_Task directions_
Each record should be copied exactly into the answer, and no picture should go with it.

*****

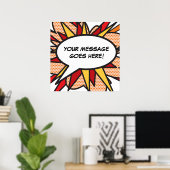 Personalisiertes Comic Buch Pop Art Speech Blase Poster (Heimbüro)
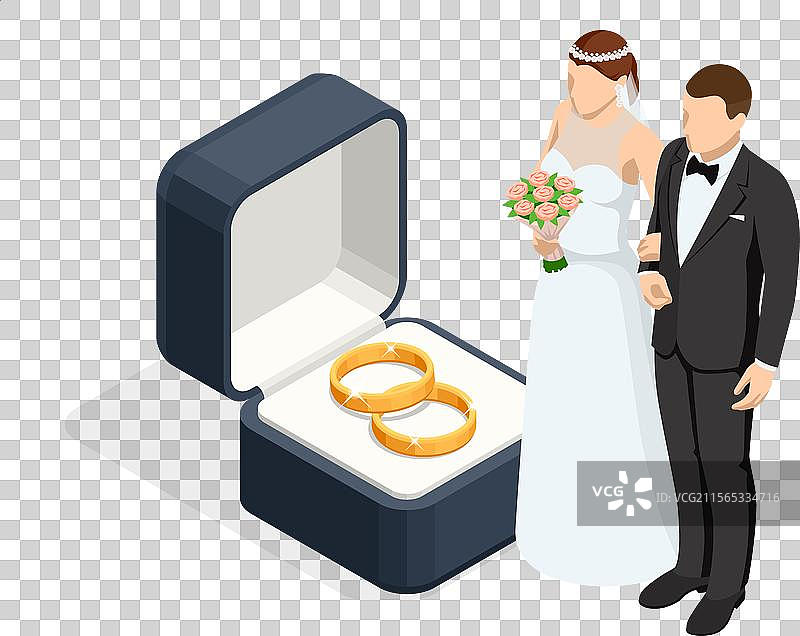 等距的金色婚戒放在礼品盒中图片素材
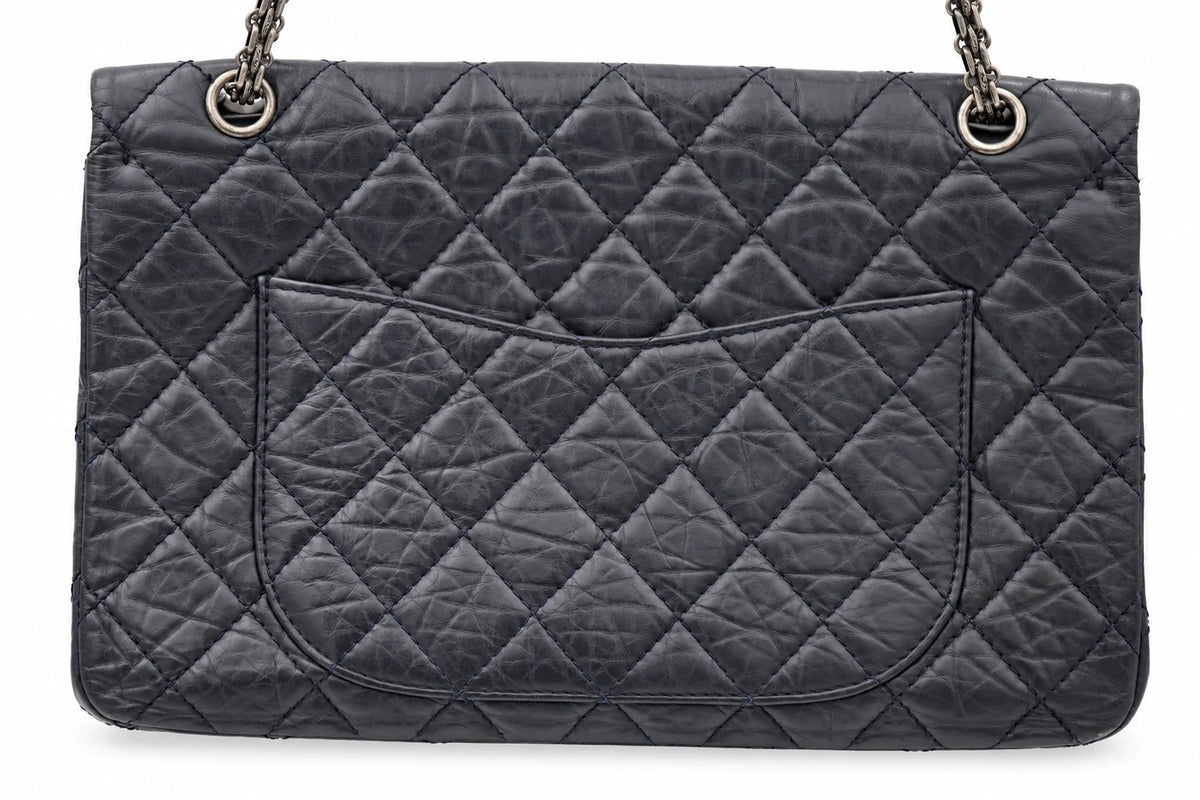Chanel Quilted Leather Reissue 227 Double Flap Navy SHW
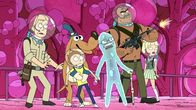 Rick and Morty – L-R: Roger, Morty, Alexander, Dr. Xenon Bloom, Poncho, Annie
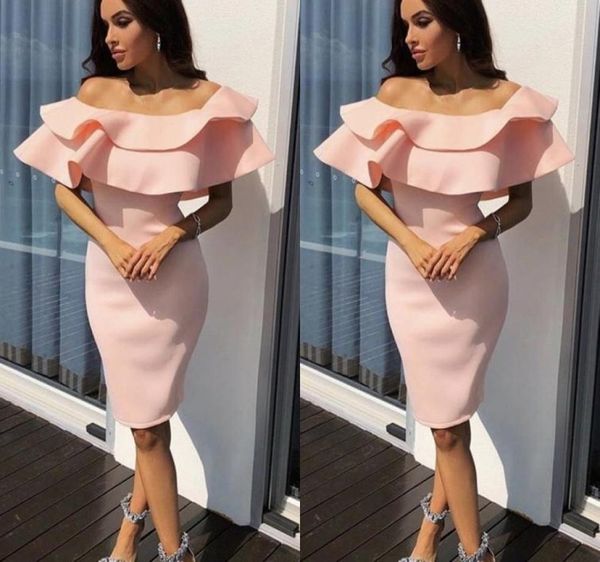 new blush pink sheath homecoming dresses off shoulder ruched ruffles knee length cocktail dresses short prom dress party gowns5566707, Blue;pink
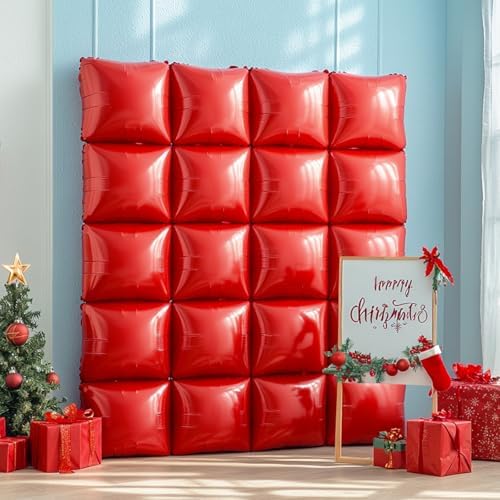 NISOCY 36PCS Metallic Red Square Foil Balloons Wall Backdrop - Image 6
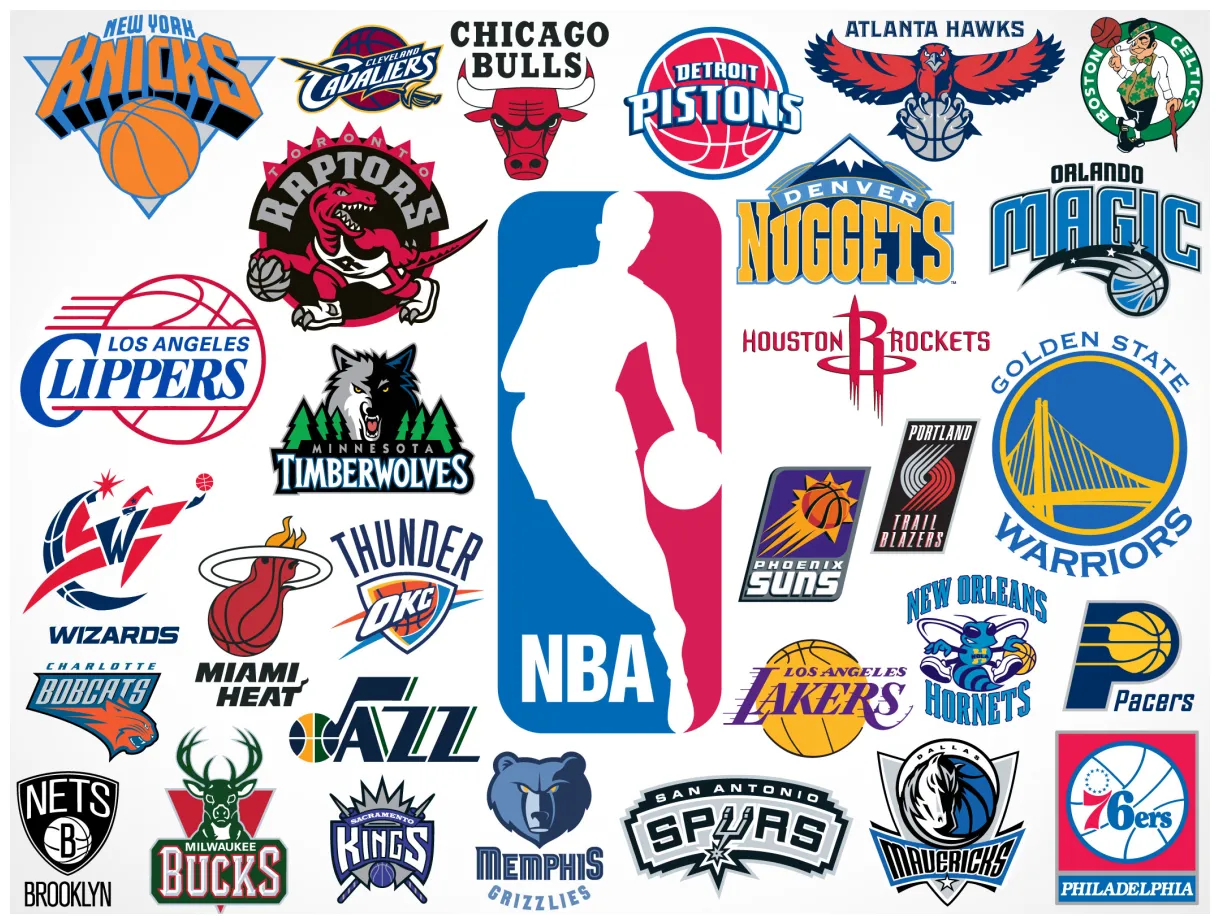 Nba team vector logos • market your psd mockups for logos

*****

_Written response_
 Personalisiertes Comic Buch Pop Art Speech Blase Poster (Heimbüro)
 等距的金色婚戒放在礼品盒中图片素材
Chanel Quilted Leather Reissue 227 Double Flap Navy SHW
 Rick and Morty – L-R: Roger, Morty, Alexander, Dr. Xenon Bloom, Poncho, Annie
 new blush pink sheath homecoming dresses off shoulder ruched ruffles knee length cocktail dresses short prom dress party gowns5566707, Blue;pink
 NISOCY 36PCS Metallic Red Square Foil Balloons Wall Backdrop - Image 6
 Nba team vector logos • market your psd mockups for logos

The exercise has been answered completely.